Where Corsair lacks something is functionality. Some people will miss things like shadow boosting modes or a KVM switch that you might get with other displays. Or things like backlight strobing and variable refresh rates at the same time. The design could probably use some tweaking too, but the barebones are there for a monitor that's pretty good at gaming, video playback, and productivity.
So the Xeneon 32QHD165 hardware is pretty good, how about the value? $ 800 is too much for this monitor in our opinion, and we think Corsair is too optimistic if they thought they could rival the established Asus PG329Q. The PG329Q is a very strong performer with better tuning and superior features and for similar money I would buy it.
Corsair also has the problem of competing with other product categories. You can get some really good 1440p, 240Hz displays at this price point – yes, they'll be mostly 27-inch models, but they're faster and more future-proof. There are also several 4K 144Hz options available these days for $ 800 or less, maybe on a smaller panel, but it's another category I'd strongly consider.
On the other hand, I think the 32QHD165 is better than the Gigabyte M32Q and LG 32GP850 – or at least very competitive with those models – and they typically sell between $ 400 and $ 500. The Corsair model offers slightly slower response performance, but much better color performance and clearer backlight strobing. I think Corsair could get away with a higher price tag than these models, around $ 500 to $ 600, and that's pretty good for a first try. However, it is a hefty reduction to the currently intended list price.

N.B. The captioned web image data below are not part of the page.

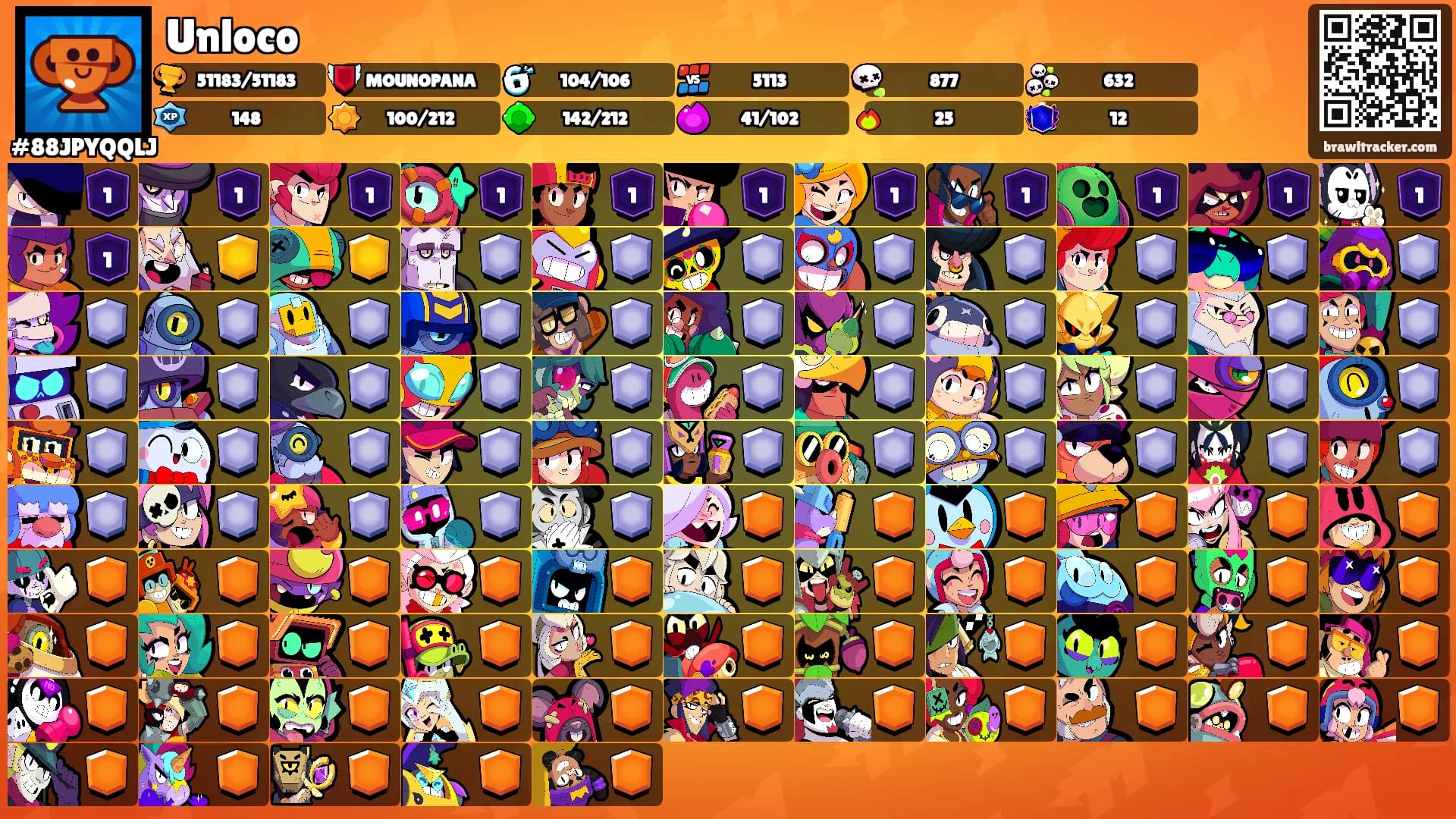 Unloco's Ranks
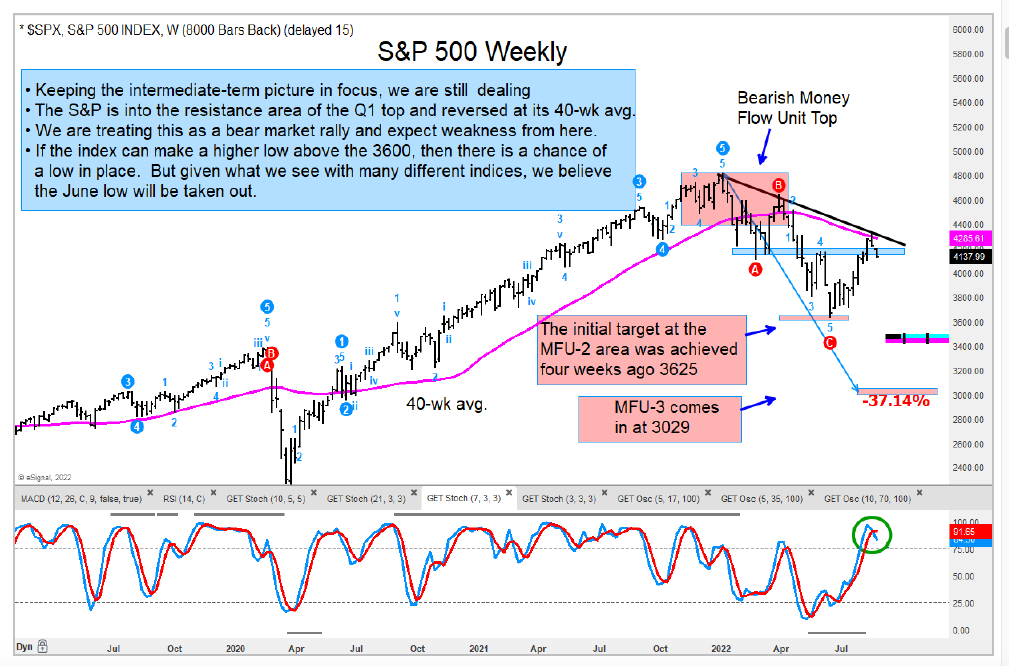 s&p 500 index lower price targets decline chart image end year 2022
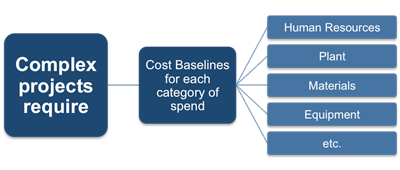 Cost Baselines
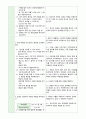 자연분만(NFSD, noraml fullterm spontaneous Delivery) 케이스스터디 32페이지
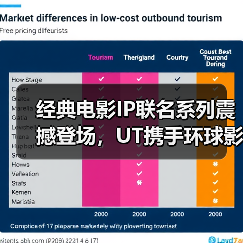 经典电影IP联名系列震撼登场,UT携手环球影业打造怀旧潮流(图3) 经典电影IP联名系列震撼登场,UT携手环球影业打造怀旧潮流(图3)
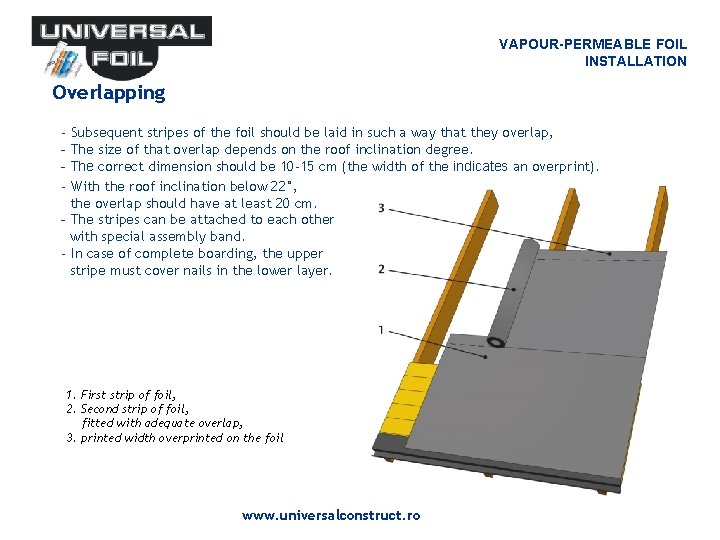 VAPOUR-PERMEABLE FOIL INSTALLATION Overlapping - Subsequent stripes of the foil should be laid in VAPOUR-PERMEABLE FOIL INSTALLATION Overlapping - Subsequent stripes of the foil should be laid in
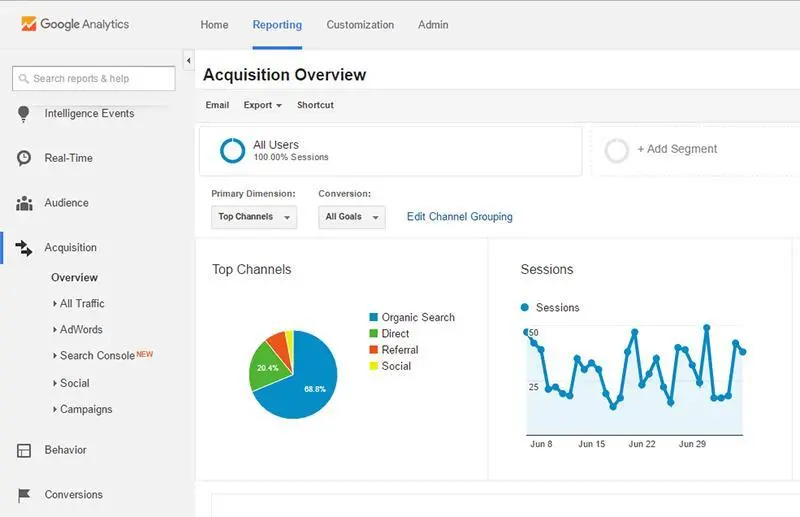 acquisition overview GA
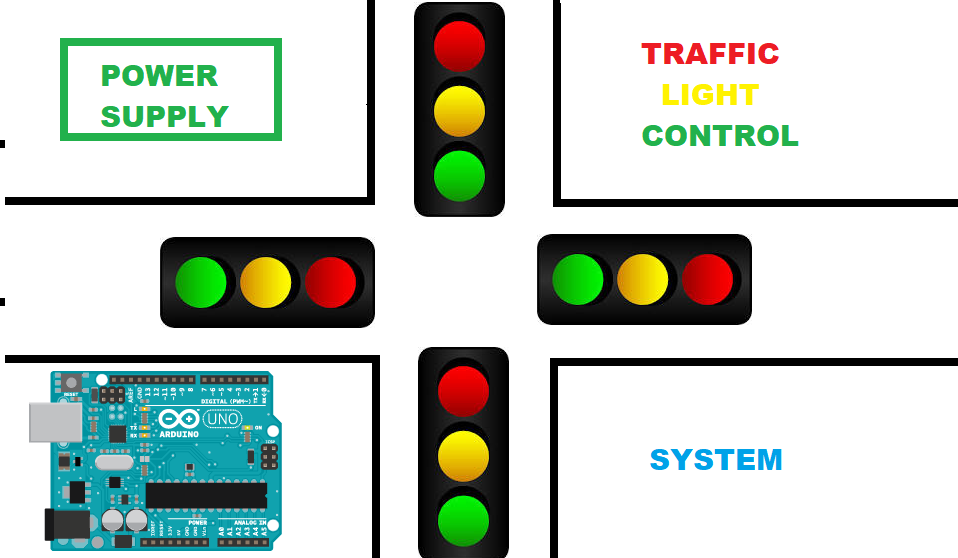 Traffic light simulation for emergency vehicles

Finally, there are a few other warranty and support considerations for a first-time visitor. Corsair mitigates this with a 3-year warranty, which is on the better end for gaming displays, and their dead-pixel policy is decent. But there is always some risk compared to a more established brand with experience making monitors. We don't often include warranties in our reviews, but on this occasion we don't think it should be an afterthought even though they are an established brand among the PC enthusiast realm.